Friday, March 16, 2007

Explanation about Foreplay

Okay, you deserve an explanation.

Maybe the last post, Why the Mirror: Passover, and Sex, was a little obtuse. Let me flesh it out.

1. About foreplay to foreplay--

When people are new to a relationship they talk first, usually, and try to get to know one another. They flirt.

Heck, some people get married before they begin to kiss, hug, and physically enjoy/pleasure each other.

First there's getting in the mood psychologically, the getting to know one another and flirting. That's the "foreplay to foreplay."

Then many couples proceed to waking up their bodies, the physical arousal, looking for a signal, I call it. The kissing, hugging, and pleasuring prior to intercourse is the "foreplay."

Sure, not everyone needs foreplay to get aroused sexually, and surely not everyone needs foreplay to foreplay.

But there's so much sexual dysfunction in our society (on so many levels, but I'm not going there) that I feel that respecting the continuum is a good way for couples to proceed.

Start with no physical touch. Start with the minds touching. Then two people can decide if they wish to move on from there. Moving on implies mutual consent, by the way, at every move.

2. When I say that a famous Jewish personality was in Egypt and was freed along with the rest of the Jewish slaves, it is a reference to the belief that in fact every Jewish soul is thought to have been there at the exodus.

How this makes any sense is hard for me, also, to understand, but I don't question theology very much, I just enjoy it and suspend my disbelief. I do this in the world I live in, as well, suspend my disbelief/belief at times. When I am criticized, I try to believe it. When I hear gossip, bad stuff, I try not to believe it.

3. When I say that people think that Jewish women are sometimes erroneously thought to have these also ran roles in Judaism, I refer to the ideas of egalitarians who think that this religion revolves around men. The men get to do all the fun stuff.

In fact, women in Judaism are thought to be on a higher spiritual level than men. Created second they're a new improved version, less likely to act out sexually and aggressively.

Men have many more direct commandments in Judaism, more things they have to do, like put on a prayer shawl and phylacteries when they pray. These behavioral tasks, which sometimes become dear, sometimes are surely drudgery (like having to go to a synagogue to pray with at least 9 other men 3 times a day) keep them straight. Theoretically, they'll act out less with the sex and aggression if they're kept busy doing what they're told to do.

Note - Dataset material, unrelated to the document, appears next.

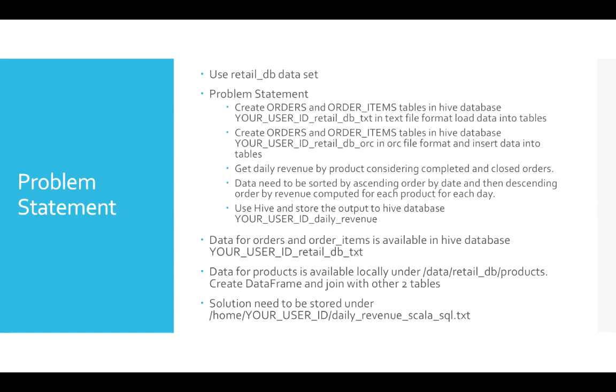And then we have to get a query to get daily revenue by product considering completed and closed orders. And also we need to sort data by ascending order by date, and then descending order by revenue computed for each product for each day.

I personally prefer that the men have to run around performing time related commandments and I don't.

4. The line in the Gemora, Oy vey we're all gonna' die is a very loose translation of a line that a rabbi said during a toast at a wedding. There's more on that story on the post about my birthday, click here to subject yourself to that.

5. The story about the mirrors is an example of flirtation, women flirting with their men to entice them to have sex. The men had lost interest.

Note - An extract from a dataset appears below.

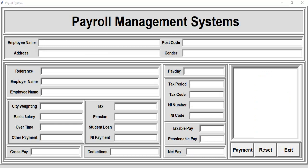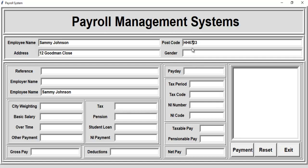I'm going to reset and enter another employee. Let's say the name is Sammy — Sammy Johnson. For the address of Mr. Johnson, let's say that is Good Man Close, and that's the postcode. Then we have the gender field.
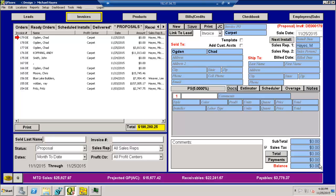So what you would do first is you open up QFLOORS and hit the new button, create a brand new proposal which I've already done. I've put Ogden Chad as the name on the invoice here and push save. So that's where we're currently at.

Either the guys were tired out from slavery or they didn't want to bring children into a society that would enslave a young child to hard labor. The women in Egypt believed in the promised redemption, however.

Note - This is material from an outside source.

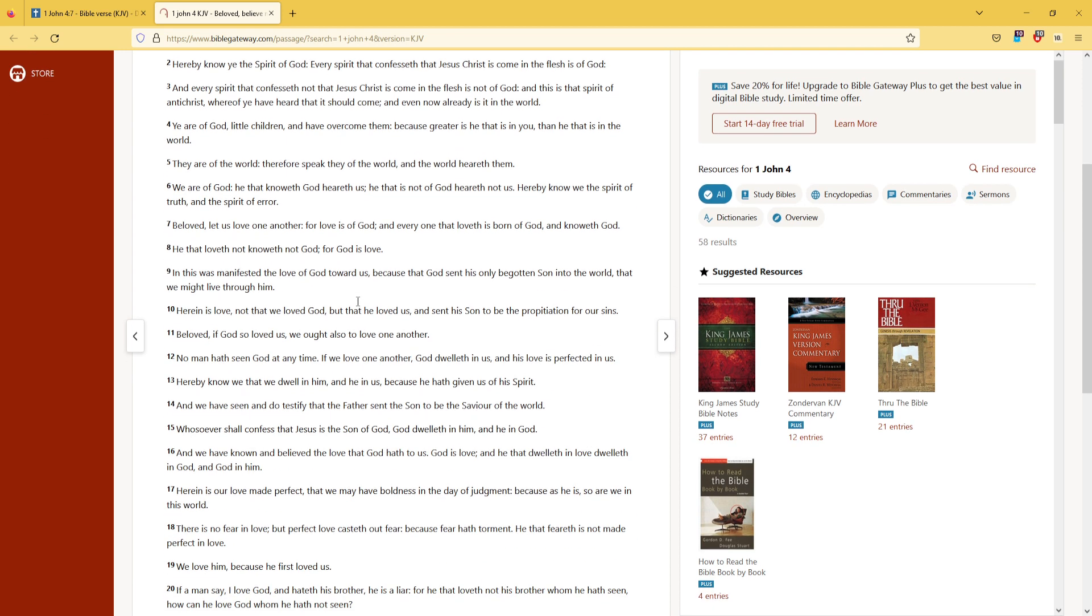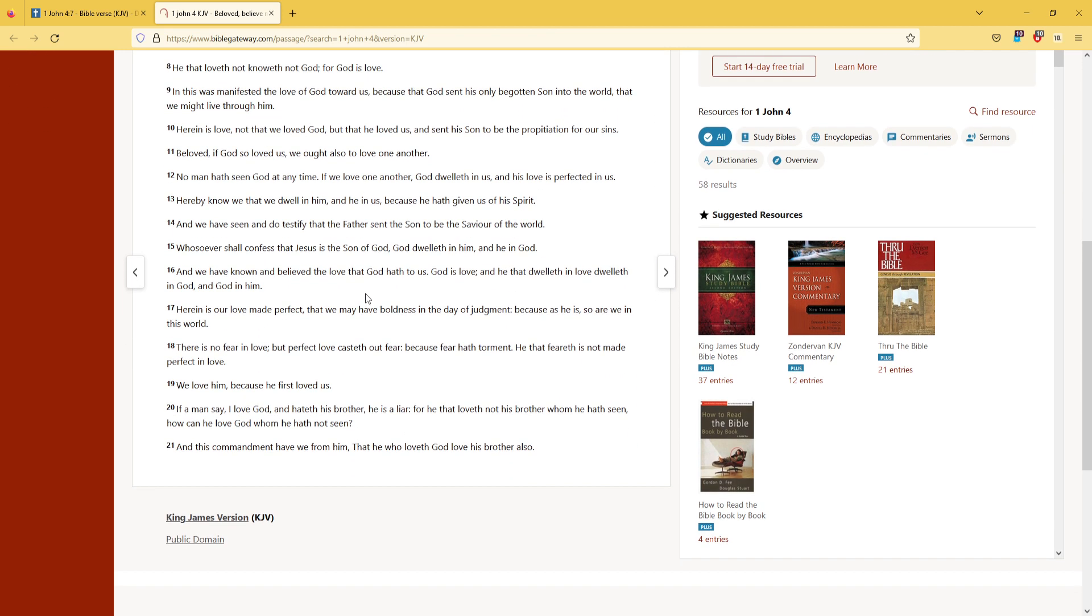And we have known and believed the love that God hath to us. God is love, and he that dwelleth in love dwelleth in God, and God in him. Herein is our love made perfect, that we may have boldness in the day of judgment,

Jewish history goes back over 5000 years, and pre-Egyptian slavery tradition had dictated that indeed, G-d had it in mind (why is discussed sometimes when people talk about the Messiah) to let the Jewish people descend into slavery in a foreign land. But He would bring them out. These overworked fellows were exhausted, lost hope, and stopped believing this, but Jewish women had faith. It is for this reason, too, that women are praised so highly. Proof of their metal.

Hope that helps. I'm not a rabbi. (But I do know sex therapy.) Rabbis tell people who ask them questions to ask their local rabbi since customs vary from place to place. So ask around on the Jewish stuff if you didn't get it in Hebrew school or never had the benefit of a parochial education.

And many people, even now, haven't formally learned nearly enough about human sexuality and/or relationships. That's why there are people like me, maybe, to fill in the blanks.

So I'm going to humbly try to continue to do that.